The implementation should be changed to use these interfaces instead of the current (little clumsy) naming scheme. Maybe this is best explained in examples.

Examples

gradient(M, distance; parameters=(q,)) # gradient of distance(M, p, q) as a functions p -> X /in TpM)
gradient(M, distance, p; parameters=(q,)) # the previous evaluated at p
gradient!(M, distance; parameters=(q,)) # the previous in-place variant (p,X) -> X that works in-place of X
gradient!(M, distance, p, X; parameters=(q,)) # the previous evaluated  in-place of X

where one open points would be to discuss a good interface for parameters like the fixed value q (or geodesic parameters in the derivative and such).

Answer 1 · 2023-11-28T15:59:20.000Z

Good idea. I would prefer, though, a design more similar to https://github.com/JuliaFirstOrder/ProximalOperators.jl :

gradient(M, FixArg2(distance, q), p) # gradient of distance(M, p, q) as a functions p -> X /in TpM)
gradient!(M, FixArg2(distance, q), X, p) # the previous evaluated  in-place of X

and also

differential(M, FixArg1(exp, q), X, Y) # replacement for differential_exp_argument
differential(M, FixArg2(exp, X), p, Y) # replacement for differential_exp_basepoint

Maybe just with better names than FixArg1 or FixArg2, but that would be my general idea.

Note also https://juliadiff.org/ChainRulesCore.jl/stable/ , though they are interested in computing differentials wrt. all inputs at once.

Answer 2 · 2023-11-30T16:54:33.000Z

That sounds good.
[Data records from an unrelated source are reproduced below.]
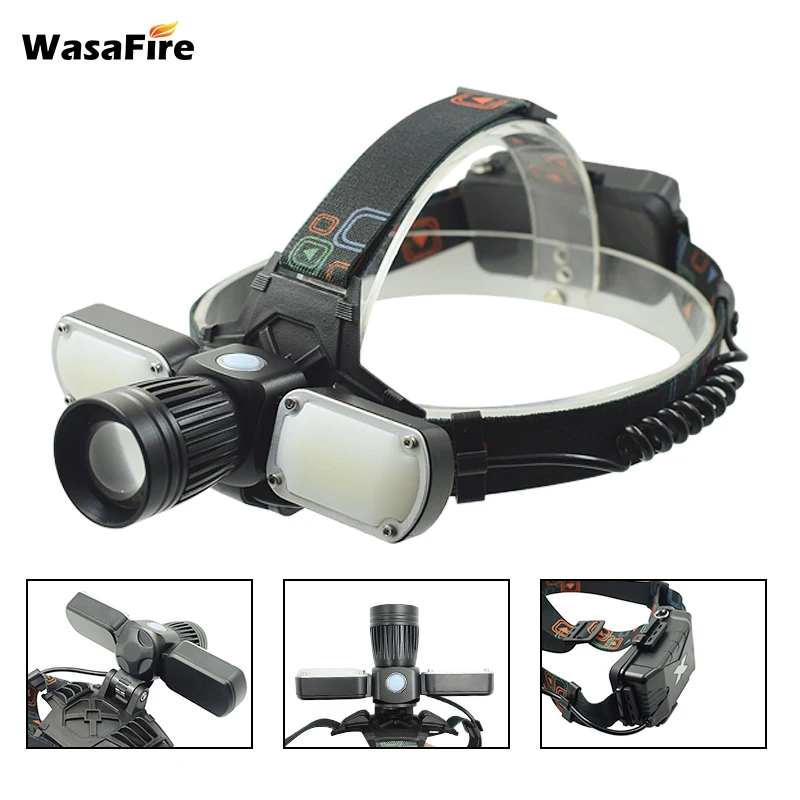 Zoomable Telescopic COB Frontal Headlight Portable Rechargeable 4 Modes Forehead Headlamp Powerful Waterproof Hunting Lantern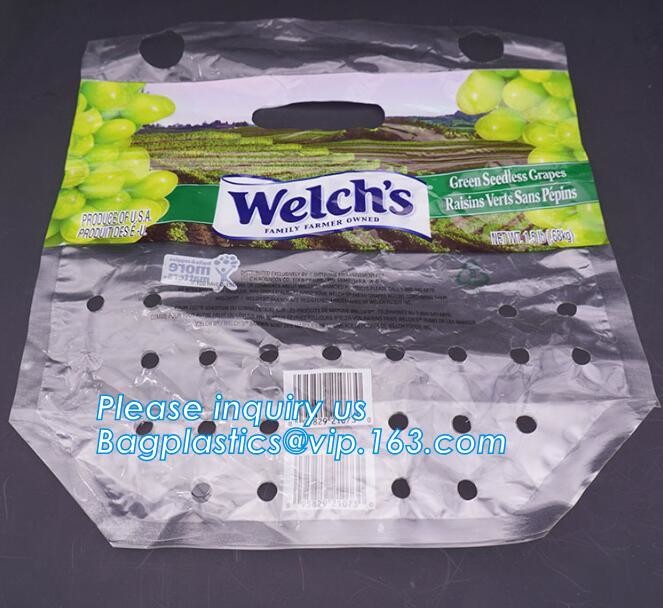 LDPE k aseptic grape bag,cherry bag,fruit bag with hole/slider k fruit bag with air holes for grape packagin
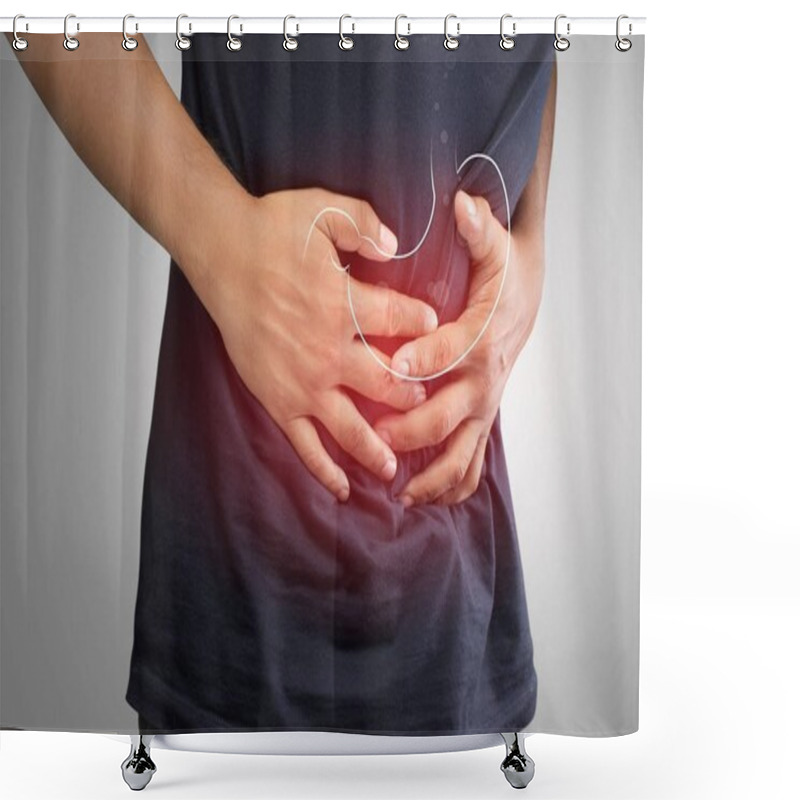 Personality  The Photo Of Gastritis Is On The Man's Body. Shower Curtains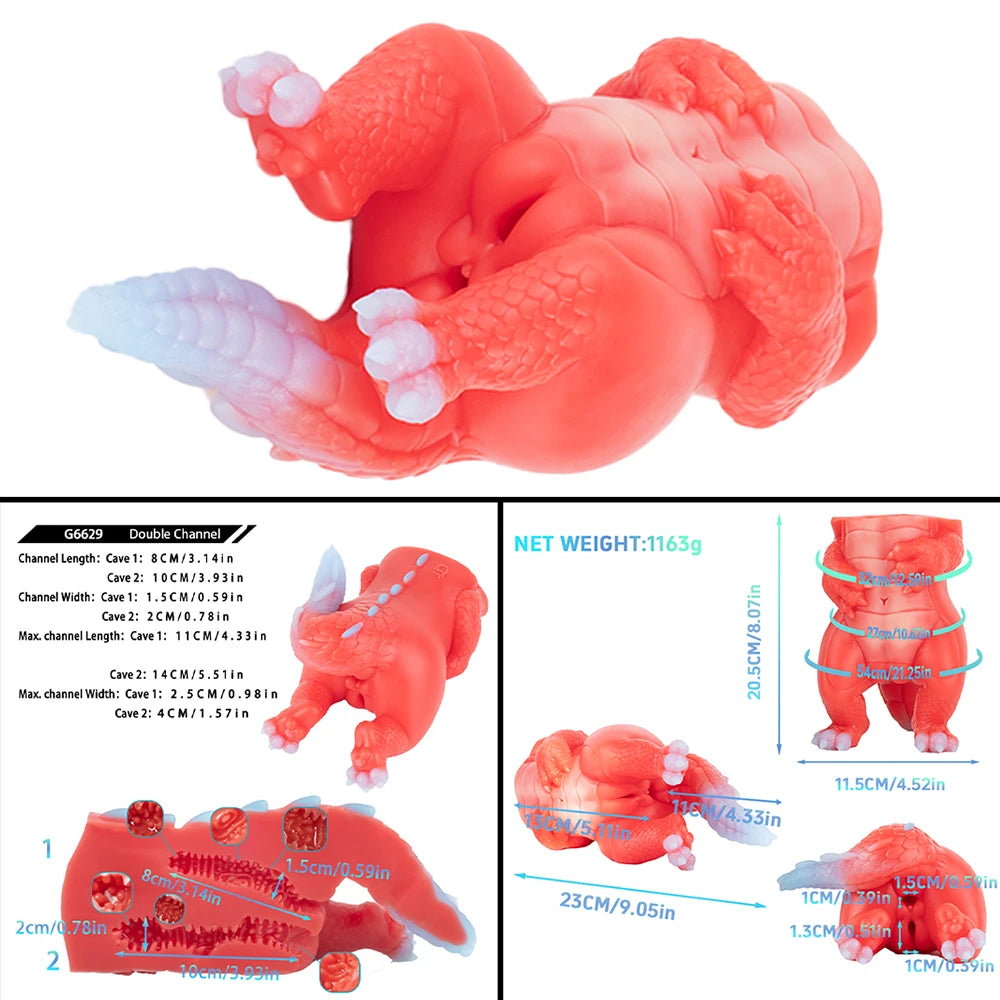 YOCY Dual Channel Fire Dragon Troso Male Masturbator Men's Onahole Stroker Realistic Textured Liquid Silicone Sex Toys for Man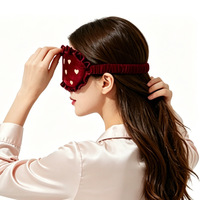 Masque pour les yeux en dentelle velours rouge bordeaux - Conception confortable pour l'ombrage, idéal pour le bureau/la pause déjeuner, style épuré, personnalisation du logo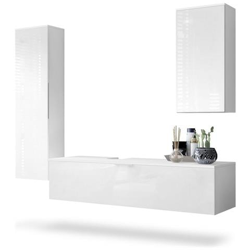 Set Di Mobili Da Bagno Venezia In Bianco Opaco E Bianco Lucido en oferta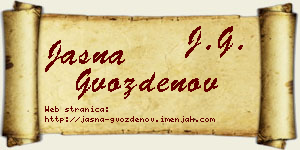 Jasna Gvozdenov vizit kartica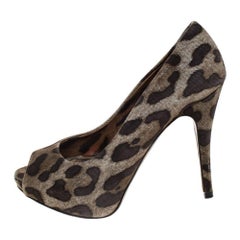 Dolce & Gabbana Brown Leopard Print Canvas Peep Toe Platform Pumps Größe 37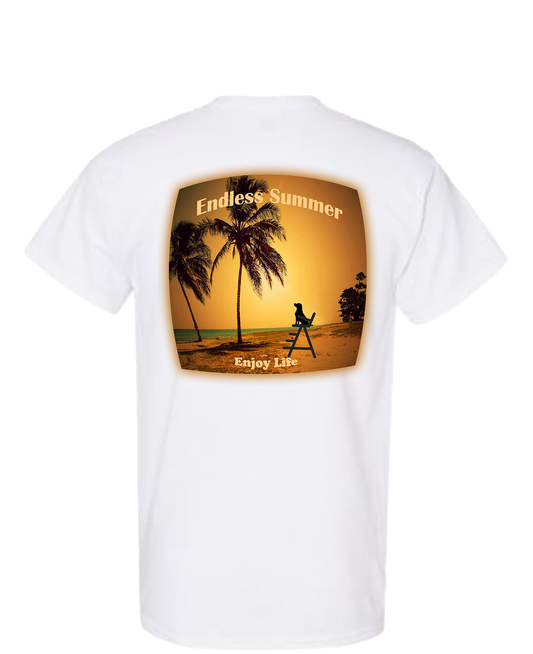 ENJOY LIFE T-SHIRT 100% PRESHRUNK COTTON- ENJOY LIFE. ENDLESS SUMMER.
Yeah. I think we should think about the naming a bit, but I like the idea, mine was more like ad-hoc and the parameters kwarg is also really not a good idea ;)

Could we also have FixArgument as a generic thing not with the number in the name? Then I like also the name.

Answer 3 · 2023-11-30T19:32:45.000Z

Cool. Sure, we can have a generic FixArgument but now I think that maybe it should be "fix all arguments except nth one" kind of thing.

Answer 4 · 2023-11-30T20:22:23.000Z

That might be better, I was thinking of that as well already when you have the retraction method or such involved.

To use that with grad/prox/diff one could go for WithRespectToArgument(of course properly documented because it only makes sense in context):

gradient(M, WithRespectToArgument(2,diostance,q)) or gradient(M, WithRespectToArgument(2,diostance,q), p) to evaluate the gradient at p

of course the 2 is a bit relative if we do not count M as an argument for example. And maybe providing the others (like q) afterwards might also be a bit strange since one has to provide all others except the second (nth in general).

Answer 5 · 2023-12-04T09:27:09.000Z

Thinking about the naming a bit, I think I like the last one proposed here indeed – I am just not sure how to realise both the struct (WithRespectToArument) nor how to actually implement the gradient / prox / diff / adjoint diff). Do we have other packages we can use as an inspiration here?